The Veteran served on active duty from June 1964 to June 1966. The Veteran selected the Higher-Level Review lane when he submitted the RAMP election form. Accordingly, the June 2018 RAMP rating decision considered the evidence of record as of the date VA received the RAMP election form. The Veteran timely appealed this RAMP rating decision to the Board and requested direct review of the evidence considered by the Agency of Original Jurisdiction (AOJ).
Regarding the left eye proptosis/ptosis issue, the Veteran submitted a claim for service connection for proptosis. The AOJ discussed both proptosis and ptosis in the June 2018 rating decision. The Board will handle both issues together.
The new and material evidence issue regarding PTSD has been recharacterized to reflect the new evidentiary standard under the AMA. Pub. L. No. 115-55, § 5108, 131 Stat. 1105, 1109.
New and Relevant Evidence
The Veteran contends that he submitted evidence with his legacy system petition to reopen a claim for service connection for PTSD that is new and relevant and warrants readjudication of the issue.
VA will readjudicate a claim if new and relevant evidenced is presented or secured. AMA, Pub. L. No. 115-55, § 5108, 131 Stat. 1105, 1109. “Relevant evidence” is evidence that tends to prove or disprove a matter in issue. AMA, Pub. L. No. 115-55, § 101(35), 131 Stat. 1105, 1105.
The questions in this case are whether the evidence has been presented after the prior final denial of his claim for service connection for PTSD in the legacy system, and if so, whether that evidence is new and relevant to his claim.
Service connection for PTSD was denied in August 2013 and April 2016 rating decisions based on a finding that the Veteran did not have a diagnosis of PTSD. The Board finds that new evidence has been presented after the most recent (April 2016) prior final rating decision in the legacy system that is relevant to his claim. Specifically, VA outpatient treatment records dated from 2016 to 2018 and the report from a June 2017 VA psychiatric examination were not previously of record and may prove or disprove the current diagnosis element of the claim for service connection for PTSD. Readjudication of the claim is warranted.
Service Connection
Service connection may be granted for a disability resulting from disease or injury incurred in or aggravated by active service. 38 U.S.C. § §§ 1110, 1131; 38 C.F.R. § 3.303. Entitlement to service connection requires evidence of three elements: (1) a current disability; (2) in-service incurrence or aggravation of a disease or injury; and (3) a causal relationship or nexus between the current disability and the disease or injury incurred or aggravated during active service. Shedden v. Principi, 381 F.3d 1163, 1166-67 (Fed. Cir. 2004).
PTSD
The Veteran seeks service connection for PTSD based on the experiences he encountered while serving in the Republic of Vietnam. His service personnel records confirm he had service in the Republic of Vietnam from August 1965 to June 1966.

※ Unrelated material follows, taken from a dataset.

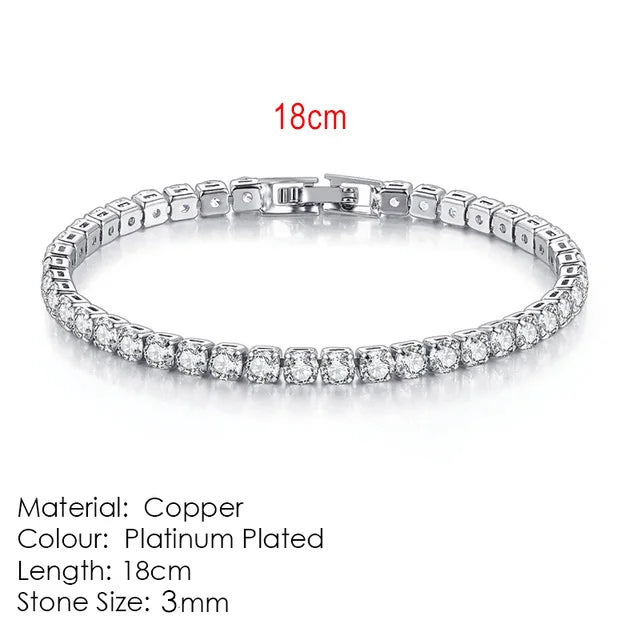 Silver Color 2.5/3/4/5mm Zircon Tennis Bracelet For Women and Men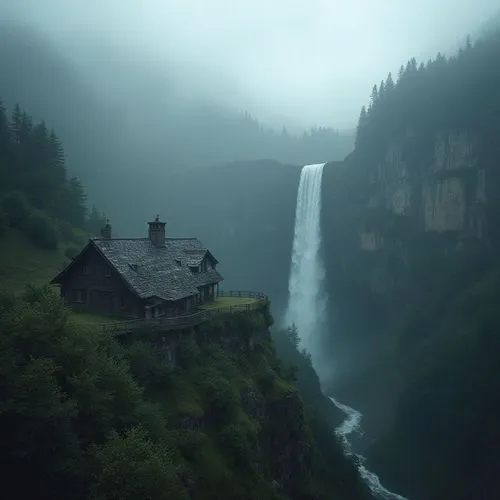 a house sitting on a cliff in the fog,house in mountains,house in the mountains,lonely house,foggy landscape,house with lake,the cabin in the mountains,house in the forest,beautiful landscape,home lan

VA regulations provide that service connection for PTSD requires medical evidence of a PTSD diagnosis in accordance with DSM-5. 38 C.F.R. § 3.304(f). The Veteran’s service treatment records (STRs) do not contain a diagnosis of PTSD under these provisions.
The Veteran underwent VA examinations in 2012, 2016 and 2017. The examiners opined that the Veteran did not meet the criteria for a diagnosis of PTSD. See May 2012, January 2016 and June 2017 VA PTSD examination reports.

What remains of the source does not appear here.